On the other hand if the operands stored in the R and S registers 5 and 6 
are double precision opeands, the tag bits stored in the tag cells 9 and 
10 comprise a logical 0. Moreover, if the operands stored in R and S 
registers 5 and 6 are mixed precision operands, the tag bits stored in 
cells 9 and 10 have values corresponding thereto. 
After the operands are stored in the R and S registers 5 and 6, they are 
transferred to the ALU 2 via the multiplexers 3 and 4 under the control of 
select control signal on the control signal bus SELECT. In the ALU 2, the 
operands are processed in accordance with control signals applied to the 
control signal bus 23. The precision of the output operand which results 
from the processing of the input operands from the R and S registers 5 and 
6 is determined by the value of the precision tag bit applied to the tag 
bit signal line 24. If the tag bit applied to the control signal bit line 
24 is a logical 1 the output operand is provided as a single precision 
operand. On the other hand, if the tag bit applied to the control signal 
bit line 24 is a logical 0, the output operand provided by the ALU 2 is a 
double precision operand. In either case, the output operand is provided 
on the output data bus F.sub.OUT and is transferred off-chip and/or to 
either or both of the F0 and F1 registers 7 and 8 together with the tag 
bit S/D F under the control of the enable signals applied to the enable 
signal input lines ENF0 and ENF1 coupled to the registers 7 and 8 and the 
tag cells 11 and 12, respectively. 
By transferring operands to and from the ALU 2 with a tag bit identifying 
their precision it will be appreciated that mixed precision operands can 
be processed in the ALU without the necessity for providing software to 
keep track of the precision of the operands processed in the ALU. 

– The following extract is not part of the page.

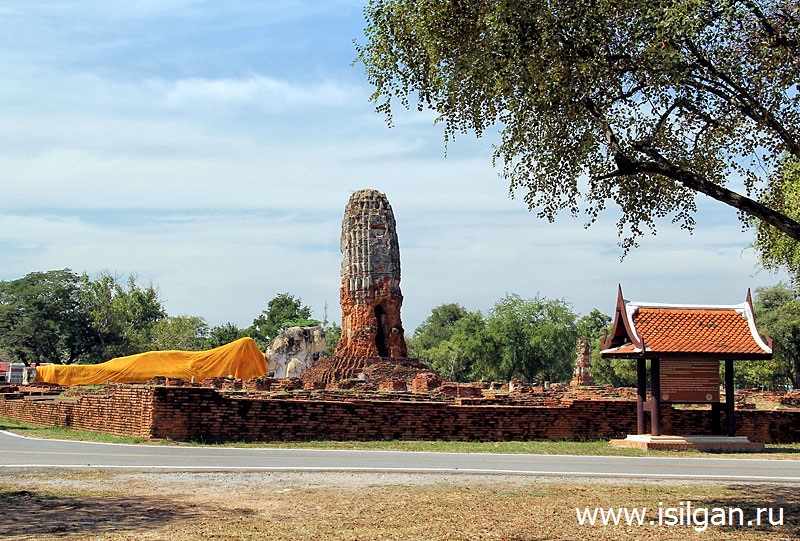 Статуя Лежащего Будды. Храм Ват Локая Суттха. Город Аюттайя. Таиланд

While a preferred embodiment of the present invention is described above it 
is contemplated that various modifications may be made thereto without 
departing from the spirit and scope of the present invention. For example, 
while the tag cells 9, 10 11 and 12 are described as comprising an 
integral part of the registers 5-8 it will be appreciated that the tag 
cells 9-12 may comprise separate storage registers which are controlled by 
the same enable signals which control the loading of the registers 5-8. It 
is also contemplated that while the tag cells 9-12 are described as single 
bit tag cells, they may also comprise cells capable of storing a plurality 
of bits so that more than two levels of precision may be selected. 
Additionally, it is contemplated that three port or larger ALU's may be 
used in various embodiments of the present invention. Accordingly, it is 
intended that the embodiment described above be considered only as 
illustrative of the present invention and that the scope of the invention 
be determined by reference to the claims hereinafter provided.